Small Business Group Files Legal Claim Against New US AML Laws

November 17, 2022
The National Small Business Association has announced the filing of a constitutional challenge to the Corporate Transparency Act of 2019, which introduces new beneficial ownership rules.

The National Small Business Association (NSBA) has announced the filing of a constitutional challenge to the Corporate Transparency Act of 2019 (CTA), which introduces new beneficial ownership rules.

An established Washington, DC trade association has taken the US government to court over plans to introduce new beneficial ownership rules.

The bill represents more than a decade of negotiations between Republicans and Democrats to enhance money laundering and terrorist financing rules in the US.

The law requires millions of companies to disclose their ownership and control structures to the US Treasury.

Last week, VIXIO reported that it is anticipated that the law, which specifically targets smaller firms, will be challenging for businesses to comply with.

However, it was also suggested that Treasury’s Financial Crimes Enforcement Network (FinCEN) would work closely with trade associations to help those in scope get to grips with the new law.

According to the NSBA, under the CTA, the federal government is mandating small business owners to “undergo a duplicative and burdensome paperwork process — punishing small businesses at a time when every dollar, employee and lost hour counts.

“The CTA is a poorly thought out and heavy-handed federal mandate that will be a bureaucratic nightmare for small-business owners,” said Todd McCracken, NSBA president and chief executive.

“If implemented, small businesses will be forced to spend millions of hours and billions of dollars on paperwork instead of creating jobs and helping grow our economy.”

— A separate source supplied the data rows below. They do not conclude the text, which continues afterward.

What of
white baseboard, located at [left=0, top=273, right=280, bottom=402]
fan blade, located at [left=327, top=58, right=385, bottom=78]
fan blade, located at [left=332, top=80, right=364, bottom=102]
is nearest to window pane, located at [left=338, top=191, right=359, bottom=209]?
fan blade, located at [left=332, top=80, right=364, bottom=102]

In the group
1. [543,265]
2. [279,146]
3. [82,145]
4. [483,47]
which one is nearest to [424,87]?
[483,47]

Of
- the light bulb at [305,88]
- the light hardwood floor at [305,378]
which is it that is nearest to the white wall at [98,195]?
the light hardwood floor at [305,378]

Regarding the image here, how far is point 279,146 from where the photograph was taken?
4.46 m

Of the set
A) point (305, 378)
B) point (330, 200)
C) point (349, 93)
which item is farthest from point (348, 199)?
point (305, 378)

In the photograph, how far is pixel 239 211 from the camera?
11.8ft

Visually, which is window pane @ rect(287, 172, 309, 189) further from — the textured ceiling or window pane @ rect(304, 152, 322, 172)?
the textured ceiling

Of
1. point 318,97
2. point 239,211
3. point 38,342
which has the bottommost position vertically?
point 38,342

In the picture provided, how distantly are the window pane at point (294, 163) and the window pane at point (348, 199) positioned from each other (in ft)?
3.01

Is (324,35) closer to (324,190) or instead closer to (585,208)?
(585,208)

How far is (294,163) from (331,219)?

The NSBA filed the suit in the US District Court for the Northern District of Alabama, arguing that the CTA infringes on the states’ inherent and sovereign powers over the formation and governance of entities.

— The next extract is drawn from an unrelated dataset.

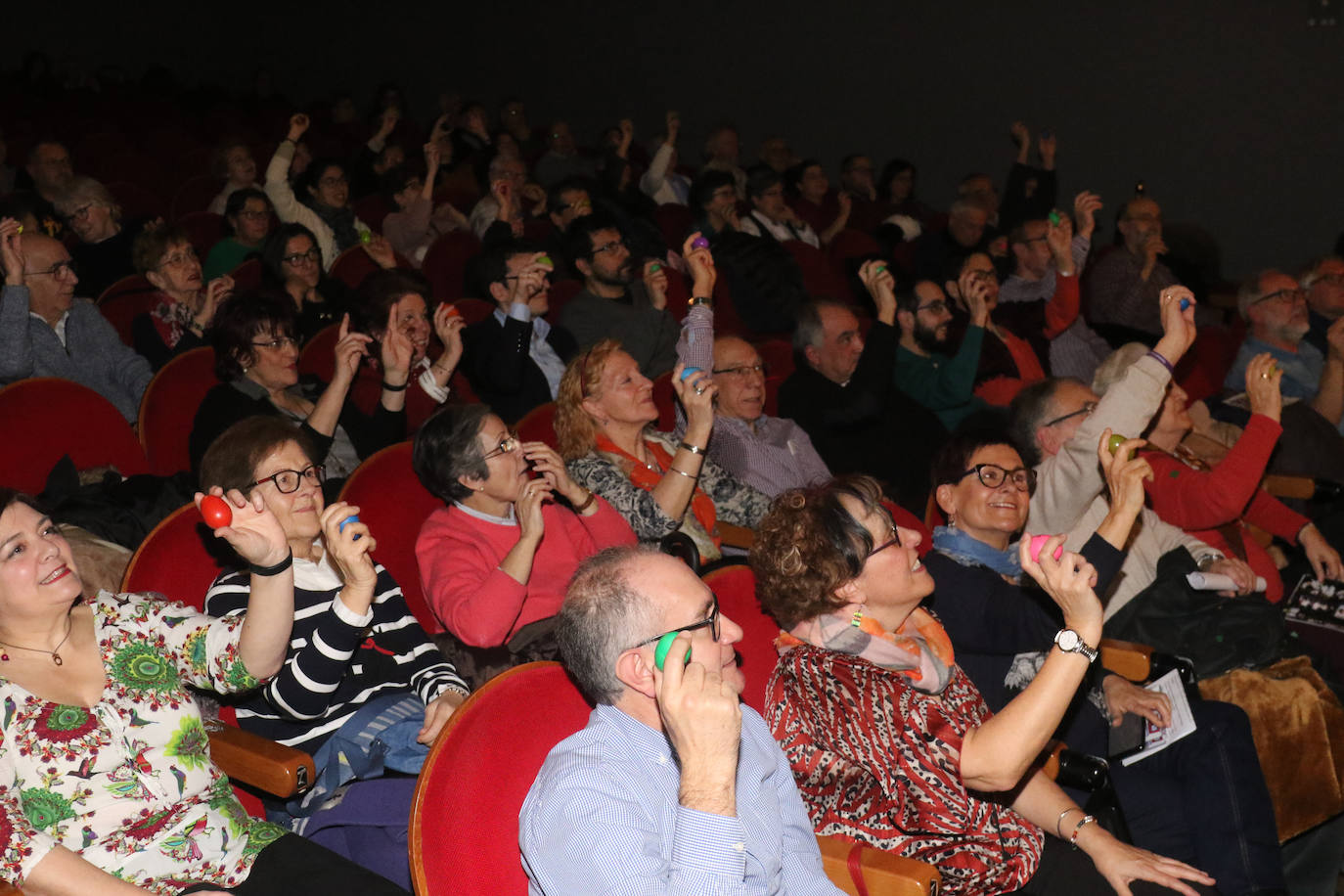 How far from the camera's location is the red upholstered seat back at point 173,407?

It also argued that the law does not regulate commerce under Congress’ power to do so, infringes upon an individual’s rights to apply for, form, own and provide for the self-governance of entities under state law.

Burdensome rules

FinCEN issued its final rule establishing reporting requirements for beneficial ownership information (BOI) in late September.

The rule, created under the CTA, establishes who must file a BOI report, what information must be reported and when a report is due.

Under the CTA, the federal government is creating a national registry that would require small business owners to submit detailed information.

The register is intended to end shell companies, which typically exist only on paper and have no office or employees. As exposed by investigative journalist groups, these companies are often used by high net-worth individuals to evade taxes and bad actors to launder ill-gotten gains in the US.

Existing rules — the Customer Due Diligence framework — currently require banks to collect information to provide ownership verification.

These financial institutions also are required to monitor and report suspicious activities to FinCEN and law enforcement.

Here, the association argues that its members are now being struck with burdensome rules that the banks are used to dealing with.

“The CTA is simply passing the buck from big banks, which have legions of staff to absorb this kind of reporting requirement, to small businesses like mine,” stated NSBA chair Mike Stanek, who hails from Ohio. “A simple mistake has the potential to land a small-business owner in jail for as long as two years.”